Batch Streaming
The general syntax of the SELECT
statement is:
SELECT select_list FROM table_expression [ WHERE boolean_expression ]
The table_expression
refers to any source of data. It could be an existing table, view, or VALUES
clause, the joined results of multiple existing tables, or a subquery. Assuming that the table is available in the catalog, the following would read all rows from Orders
.
SELECT * FROM Orders
The select_list
specification *
means the query will resolve all columns. However, usage of *
is discouraged in production because it makes queries less robust to catalog changes. Instead, a select_list
can specify a subset of available columns or make calculations using said columns. For example, if Orders
has columns named order_id
, price
, and tax
you could write the following query:
SELECT order_id, price + tax FROM Orders
Queries can also consume from inline data using the VALUES
clause.

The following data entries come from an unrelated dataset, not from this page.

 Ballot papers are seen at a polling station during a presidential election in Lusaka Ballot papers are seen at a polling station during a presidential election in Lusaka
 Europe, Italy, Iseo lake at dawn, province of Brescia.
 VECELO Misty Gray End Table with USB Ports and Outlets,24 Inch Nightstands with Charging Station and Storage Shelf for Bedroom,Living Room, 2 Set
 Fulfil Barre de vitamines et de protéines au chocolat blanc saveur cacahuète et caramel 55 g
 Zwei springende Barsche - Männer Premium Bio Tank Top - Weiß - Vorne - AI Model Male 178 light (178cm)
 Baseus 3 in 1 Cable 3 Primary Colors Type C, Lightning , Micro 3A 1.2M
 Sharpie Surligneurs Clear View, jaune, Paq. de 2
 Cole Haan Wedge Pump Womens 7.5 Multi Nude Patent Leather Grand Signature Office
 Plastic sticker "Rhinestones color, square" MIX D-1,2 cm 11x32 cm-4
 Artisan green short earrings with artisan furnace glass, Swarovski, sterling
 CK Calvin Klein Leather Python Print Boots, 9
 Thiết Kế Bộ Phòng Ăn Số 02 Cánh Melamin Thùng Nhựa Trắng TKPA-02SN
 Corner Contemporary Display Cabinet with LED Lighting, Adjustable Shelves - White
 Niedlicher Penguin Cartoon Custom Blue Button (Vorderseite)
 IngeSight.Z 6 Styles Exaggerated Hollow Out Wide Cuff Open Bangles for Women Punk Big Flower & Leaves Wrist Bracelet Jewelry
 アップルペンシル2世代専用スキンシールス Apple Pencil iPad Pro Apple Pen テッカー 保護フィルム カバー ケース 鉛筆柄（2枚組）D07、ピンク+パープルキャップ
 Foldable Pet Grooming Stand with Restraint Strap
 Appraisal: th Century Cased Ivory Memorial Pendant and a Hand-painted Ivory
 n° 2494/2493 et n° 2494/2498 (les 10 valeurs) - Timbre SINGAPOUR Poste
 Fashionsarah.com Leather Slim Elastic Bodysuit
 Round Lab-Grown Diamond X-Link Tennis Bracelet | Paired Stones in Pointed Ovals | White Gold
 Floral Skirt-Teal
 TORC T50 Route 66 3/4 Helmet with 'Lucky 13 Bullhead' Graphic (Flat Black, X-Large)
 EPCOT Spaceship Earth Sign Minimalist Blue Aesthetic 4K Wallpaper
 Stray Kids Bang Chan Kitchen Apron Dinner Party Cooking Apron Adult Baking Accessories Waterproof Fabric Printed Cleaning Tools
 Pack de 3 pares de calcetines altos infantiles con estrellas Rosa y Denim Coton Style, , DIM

Each tuple corresponds to one row and an alias may be provided to assign names to each column.
SELECT order_id, price FROM (VALUES (1, 2.0), (2, 3.1)) AS t (order_id, price)
Rows can be filtered based on a WHERE
clause.
SELECT price + tax FROM Orders WHERE id = 10
Additionally, built-in and user-defined scalar functions can be invoked on the columns of a single row. User-defined functions must be registered in a catalog before use.
SELECT PRETTY_PRINT(order_id) FROM Orders
Batch Streaming
If SELECT DISTINCT
is specified, all duplicate rows are removed from the result set (one row is kept from each group of duplicates).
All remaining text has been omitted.